Intitulada “A reincidência da violência contra mulheres e meninas pobres”, a pesquisa analisou 101 famílias moradoras da comunidade, composta por cerca de nove bairros. O estudo surgiu da prática profissional de Fernanda, vinculada à Pró-Reitoria de Extensão da Universidade Federal de Rio Grande (FURG), no Centro de Atenção Integral à Criança e ao Adolescente (CAIC). “A minha inserção no CAIC começou em 2008 e, a partir dali, percebi que havia inúmeros casos de violência contra meninas e mulheres”, conta.
Com os atendimentos prestados no Centro, via Escola de Ensino Fundamental, Unidade Básica de Saúde e Projetos Comunitários, a pesquisadora iniciou um banco de dados de forma independente. Com os números, foi possível observar a predominância das situações de violência física, psicológica e também de negligência, ou seja, traçar o perfil da comunidade marcada pela violência social. “Quando ingressei no doutorado, em 2015, tinha um apanhado de dados que deflagrava a comunidade da Zona Oeste de Rio Grande”, diz.
A partir dos números, Fernanda pôde perceber que 80% das vítimas de violência na Zona Oeste de Rio Grande eram meninas e mulheres. Dessas, 67% tinham entre 13 e 18 anos e 50% estavam envolvidas com prostituição infantil. Segundo a assistente social, os casos foram identificados em famílias que sofreram situações de violência por mais de duas vezes. E isso deixa implícita negligência institucional do Estado, pois as ocorrências retornavam mesmo depois de encaminhadas para a rede de proteção – formalizada pelo Conselho Tutelar e Centro Especializado de Assistência Social (CREAS).
Ainda foi identificado histórico de violência psicológica em 81% das meninas e mulheres; violência física em 74% e violência sexual em 39% das pesquisadas. Do total de vítimas de violência física e abuso sexual, 79% dos casos foram negligenciados, o que indica uma contradição dentro do Estado Democrático de Direito, responsável pela garantia e acesso a direitos e proteção, de acordo com Fernanda. “É uma mescla de situações de violência que colocam essas mulheres como vítima da violência social que a gente produz e reproduz”, afirma.
Outra característica apontada na tese é a fragilidade no acesso a direitos civis, como RG, CPF e certidão de nascimento, identificada em 61 famílias. Além disso, são pessoas com baixa escolaridade e com trabalhos informais (71%). A maioria das famílias pesquisadas era sustentada por mulheres e 60% eram famílias de mãe solteira. “São mulheres que são violentadas e reproduzem a violência. Elas sofrem no seu dia a dia com a violência social e com o trabalho precarizado, vivem da cata do lixo”, completa.

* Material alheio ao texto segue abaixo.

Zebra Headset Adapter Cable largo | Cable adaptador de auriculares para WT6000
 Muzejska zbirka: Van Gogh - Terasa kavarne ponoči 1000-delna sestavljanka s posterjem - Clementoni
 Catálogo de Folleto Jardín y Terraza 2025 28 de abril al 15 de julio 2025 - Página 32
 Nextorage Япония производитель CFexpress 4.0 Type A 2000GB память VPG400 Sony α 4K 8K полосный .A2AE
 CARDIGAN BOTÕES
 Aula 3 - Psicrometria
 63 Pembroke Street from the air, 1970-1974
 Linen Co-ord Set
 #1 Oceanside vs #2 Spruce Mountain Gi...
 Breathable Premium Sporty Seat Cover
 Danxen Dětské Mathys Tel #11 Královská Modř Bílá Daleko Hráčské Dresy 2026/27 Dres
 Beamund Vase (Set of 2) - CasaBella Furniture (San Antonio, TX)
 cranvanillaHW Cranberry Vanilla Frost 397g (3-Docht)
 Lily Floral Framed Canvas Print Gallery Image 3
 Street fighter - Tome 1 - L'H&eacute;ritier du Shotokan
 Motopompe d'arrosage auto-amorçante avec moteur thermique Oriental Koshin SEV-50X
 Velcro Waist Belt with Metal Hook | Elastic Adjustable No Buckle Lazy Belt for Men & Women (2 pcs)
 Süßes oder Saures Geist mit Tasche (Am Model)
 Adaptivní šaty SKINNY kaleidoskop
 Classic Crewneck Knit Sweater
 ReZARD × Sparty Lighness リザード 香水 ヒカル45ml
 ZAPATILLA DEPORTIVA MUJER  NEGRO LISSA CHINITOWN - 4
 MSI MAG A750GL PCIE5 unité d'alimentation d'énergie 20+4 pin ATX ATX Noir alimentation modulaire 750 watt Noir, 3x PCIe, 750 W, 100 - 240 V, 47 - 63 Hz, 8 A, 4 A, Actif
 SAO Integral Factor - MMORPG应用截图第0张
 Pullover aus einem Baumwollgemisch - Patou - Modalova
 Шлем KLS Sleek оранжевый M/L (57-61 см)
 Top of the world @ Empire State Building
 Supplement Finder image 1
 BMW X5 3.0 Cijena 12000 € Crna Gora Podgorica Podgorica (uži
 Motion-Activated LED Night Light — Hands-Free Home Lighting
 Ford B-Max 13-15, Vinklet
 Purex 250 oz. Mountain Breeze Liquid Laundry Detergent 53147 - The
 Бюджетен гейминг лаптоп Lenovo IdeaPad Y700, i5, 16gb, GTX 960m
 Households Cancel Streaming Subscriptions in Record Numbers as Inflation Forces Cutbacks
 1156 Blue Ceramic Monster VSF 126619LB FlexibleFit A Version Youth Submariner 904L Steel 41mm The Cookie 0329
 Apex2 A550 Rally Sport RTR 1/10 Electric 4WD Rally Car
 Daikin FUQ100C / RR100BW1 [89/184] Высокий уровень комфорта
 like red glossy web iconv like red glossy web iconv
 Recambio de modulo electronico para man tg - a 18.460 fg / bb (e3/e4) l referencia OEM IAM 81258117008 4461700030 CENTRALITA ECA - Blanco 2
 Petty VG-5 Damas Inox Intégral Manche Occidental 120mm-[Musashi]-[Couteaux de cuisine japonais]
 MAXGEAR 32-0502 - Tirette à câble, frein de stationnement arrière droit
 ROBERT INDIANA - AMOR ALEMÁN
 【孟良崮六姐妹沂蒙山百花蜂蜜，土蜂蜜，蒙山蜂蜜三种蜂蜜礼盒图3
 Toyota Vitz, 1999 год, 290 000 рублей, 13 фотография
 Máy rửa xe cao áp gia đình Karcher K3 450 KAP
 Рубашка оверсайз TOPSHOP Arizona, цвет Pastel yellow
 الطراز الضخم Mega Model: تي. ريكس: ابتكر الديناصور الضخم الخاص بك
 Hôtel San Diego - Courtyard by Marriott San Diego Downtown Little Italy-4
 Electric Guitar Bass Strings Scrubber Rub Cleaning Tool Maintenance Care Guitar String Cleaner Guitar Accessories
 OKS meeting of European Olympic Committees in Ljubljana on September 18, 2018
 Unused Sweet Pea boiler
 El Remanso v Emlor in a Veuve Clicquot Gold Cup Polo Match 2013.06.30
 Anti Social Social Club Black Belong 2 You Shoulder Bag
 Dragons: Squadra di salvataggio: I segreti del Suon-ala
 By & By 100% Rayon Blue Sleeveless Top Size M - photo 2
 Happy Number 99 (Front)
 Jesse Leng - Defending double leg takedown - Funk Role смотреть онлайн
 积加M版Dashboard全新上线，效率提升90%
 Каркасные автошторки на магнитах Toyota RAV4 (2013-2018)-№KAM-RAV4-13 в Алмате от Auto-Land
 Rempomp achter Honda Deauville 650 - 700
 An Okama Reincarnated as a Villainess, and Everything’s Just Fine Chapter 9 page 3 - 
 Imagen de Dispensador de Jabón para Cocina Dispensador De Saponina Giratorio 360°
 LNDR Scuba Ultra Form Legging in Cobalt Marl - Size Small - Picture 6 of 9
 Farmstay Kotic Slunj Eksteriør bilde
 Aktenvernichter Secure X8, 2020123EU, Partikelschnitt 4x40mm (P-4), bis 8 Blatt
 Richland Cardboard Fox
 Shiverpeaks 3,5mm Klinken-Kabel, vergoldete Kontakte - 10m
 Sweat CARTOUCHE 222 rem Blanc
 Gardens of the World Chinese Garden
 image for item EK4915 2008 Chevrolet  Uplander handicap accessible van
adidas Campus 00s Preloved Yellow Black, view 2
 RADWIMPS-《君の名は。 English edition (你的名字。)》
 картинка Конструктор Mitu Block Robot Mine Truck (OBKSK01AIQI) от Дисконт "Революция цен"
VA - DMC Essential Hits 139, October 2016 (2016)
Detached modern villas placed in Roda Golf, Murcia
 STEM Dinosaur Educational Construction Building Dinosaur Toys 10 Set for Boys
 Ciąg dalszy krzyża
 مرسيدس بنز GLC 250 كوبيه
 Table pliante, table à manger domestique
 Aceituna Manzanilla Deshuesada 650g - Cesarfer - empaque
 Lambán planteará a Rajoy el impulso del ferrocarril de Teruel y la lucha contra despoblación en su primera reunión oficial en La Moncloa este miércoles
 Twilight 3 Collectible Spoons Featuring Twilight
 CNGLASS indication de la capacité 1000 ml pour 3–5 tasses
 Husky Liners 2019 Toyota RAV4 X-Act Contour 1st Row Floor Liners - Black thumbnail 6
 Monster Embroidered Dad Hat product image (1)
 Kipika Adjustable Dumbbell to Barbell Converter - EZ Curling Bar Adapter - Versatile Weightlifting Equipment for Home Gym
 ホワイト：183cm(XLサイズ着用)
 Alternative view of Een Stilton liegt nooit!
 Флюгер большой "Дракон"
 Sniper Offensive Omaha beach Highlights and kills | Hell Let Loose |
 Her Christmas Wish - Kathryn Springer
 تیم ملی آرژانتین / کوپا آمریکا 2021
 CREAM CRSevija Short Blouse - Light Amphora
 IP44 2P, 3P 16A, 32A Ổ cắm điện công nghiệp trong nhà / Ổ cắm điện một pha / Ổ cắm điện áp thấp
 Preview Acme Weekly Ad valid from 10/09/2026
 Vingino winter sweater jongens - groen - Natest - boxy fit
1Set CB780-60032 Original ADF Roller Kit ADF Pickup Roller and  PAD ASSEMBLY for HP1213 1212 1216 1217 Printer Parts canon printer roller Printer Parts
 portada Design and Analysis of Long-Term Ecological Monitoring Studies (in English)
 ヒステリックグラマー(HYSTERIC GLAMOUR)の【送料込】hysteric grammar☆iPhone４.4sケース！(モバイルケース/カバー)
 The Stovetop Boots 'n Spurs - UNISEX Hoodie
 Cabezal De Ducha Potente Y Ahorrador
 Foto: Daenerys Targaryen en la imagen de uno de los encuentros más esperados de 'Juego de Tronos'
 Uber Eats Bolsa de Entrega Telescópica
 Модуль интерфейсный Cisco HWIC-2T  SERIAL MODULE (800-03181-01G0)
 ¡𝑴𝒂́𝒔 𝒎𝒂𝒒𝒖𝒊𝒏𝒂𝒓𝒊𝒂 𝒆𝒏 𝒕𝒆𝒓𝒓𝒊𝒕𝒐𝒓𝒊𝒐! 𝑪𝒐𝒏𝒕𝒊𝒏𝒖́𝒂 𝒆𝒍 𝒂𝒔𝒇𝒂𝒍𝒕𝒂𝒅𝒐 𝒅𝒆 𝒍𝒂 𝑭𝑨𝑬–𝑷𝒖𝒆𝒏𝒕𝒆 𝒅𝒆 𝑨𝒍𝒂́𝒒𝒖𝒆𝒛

De acordo com a doutora, esses dados alertam para a feminização da pobreza no Brasil e não são específicos da Zona Oeste de Rio Grande. Ao analisar o cenário nacional, na maior parte das vezes, as mulheres estão em trabalhos precários e de meio turno para poder cuidar da casa e da família. “A questão da violência social, construída historicamente no Brasil, faz com que a gente atente para esse tema”, frisa.
Machismo como determinante da violência
Um dos objetivos da tese de Fernanda era entender o motivo da reincidência da violência contra meninas e mulheres pobres da Zona Oeste de Rio Grande. Segundo explica, muito vem da construção da sociedade brasileira e também latino-americana. Ao estudar tal temática, uma categoria aparece sempre presente: o patriarcado, ou seja, a hegemonia masculina que sobrepõe valores sociais. Essa característica é responsável pela construção do Estado de Direito e organização social de gênero.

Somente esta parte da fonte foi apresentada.